Bunsentagung 2013

The German Bunsen Society of Physical Chemistry invites on the occasion of the

112^th Bunsentagung (Annual German Conference on Physical Chemistry)

to Karlsruhe Institute of Technology (KIT), from May 9 - 11, 2013                          

participants from EuChemMS organisations are also cordially invited

Main Topic: Theory meets Spectroscopy                                                                                                                            
Special Symposium:  Electrochemical Interfaces
Industrial Symposium:  Physical Chemical in Industry and Industrial Exhibition                                         

The main topic of the Bunsentagung 2013 focuses on state-of-the-art research in the fields of theoretical spectroscopy as well as molecular characterisation using experimental spectroscopy guided by quantum chemistry. This also includes recent advances in experimental techniques that probe molecules in gas and condensed phases under precisely defined/controlled conditions as well as new developments in describing such systems theoretically at a predictive level.  

There is a long-standing research synergy between molecular spectroscopy and quantum chemistry. Both fields are interested in eigenstates and how these can be interconverted by electromagnetic radiation. In the last ten years, new experiments have increasingly been stimulated by computational predictions while theoretical approaches have often benefited from experimental benchmarks. This trend will accelerate further due to recent developments in both theory and spectroscopic measurement. Experimental advances include methods which allow for better-defined samples (e.g., mass and conformer selection of large molecular ions, ultralow temperature cooling schemes, surface immobilization methods, etc.) and their spectroscopic characterisation at highest frequency and time resolutions. This has in turn enabled spectroscopic probes and spectroscopic control of chemical change at unprecedented levels of precision − with ramifications for fields ranging from nanoscience and catalysis to photo-  and biophysical chemistry. In the last decades, novel quantum-chemical methods have been developed at a breathtaking pace, and as such they continue to be developed further. Today, a large variety of spectra can be simulated, many spectroscopic properties can be computed, larger molecular systems can be treated than before (e.g., in the framework of density-functional theory), and an extreme accuracy can be achieved (e.g., using coupled-cluster theory for rotational spectroscopy). Advanced time-dependent methods have been developed as well as efficient computational models to describe surface-bound systems and molecules in condensed phases (e.g., QM/MM methods, embedding schemes, and molecular dynamics simulations). Much recent work has been concerned with predictive-level treatments of electronically excited states and (non-radiative) transitions.

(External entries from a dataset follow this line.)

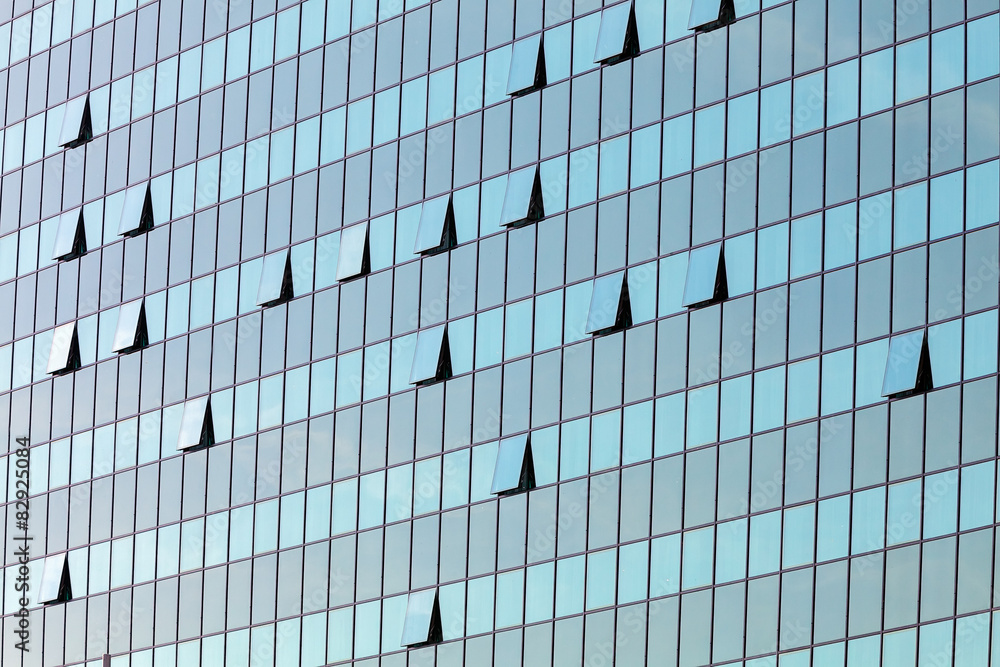 glass facade with opened windows glass facade with opened windows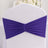 Purple chair cover sash with pleated design for event decor.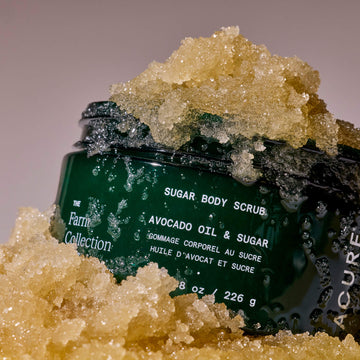 Green jar of sugar body scrub with avocado oil and sugar on a gray background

The main topic of the 112^th Bunsentagung seeks to highlight the growing importance of the synergetic interplay between theory and spectroscopy in advancing the field of molecular chemical physics in the age of Moore´s law. As rapidly increasing computational resources become available, some areas of experiment are already being supplanted by predictive-level theoretical spectroscopy. Other areas of experimental spectroscopy, concerned with more complex molecular systems, can presently help to further develop theory by providing benchmarks.  Finally, certain areas of molecular spectroscopy (e.g., under extreme conditions) will remain inaccessible to accurate computational prediction for quite a while yet. Nevertheless, even here useful physical insight will result from quantum-chemical model calculations.

The talks of this symposium are intended to illustrate and further encourage this synergy between modern spectroscopy and state-of-the-art quantum-chemical calculations − in terms of examples ranging from molecules in gas-phase, through surface-bound to interacting-in-condensed-phase.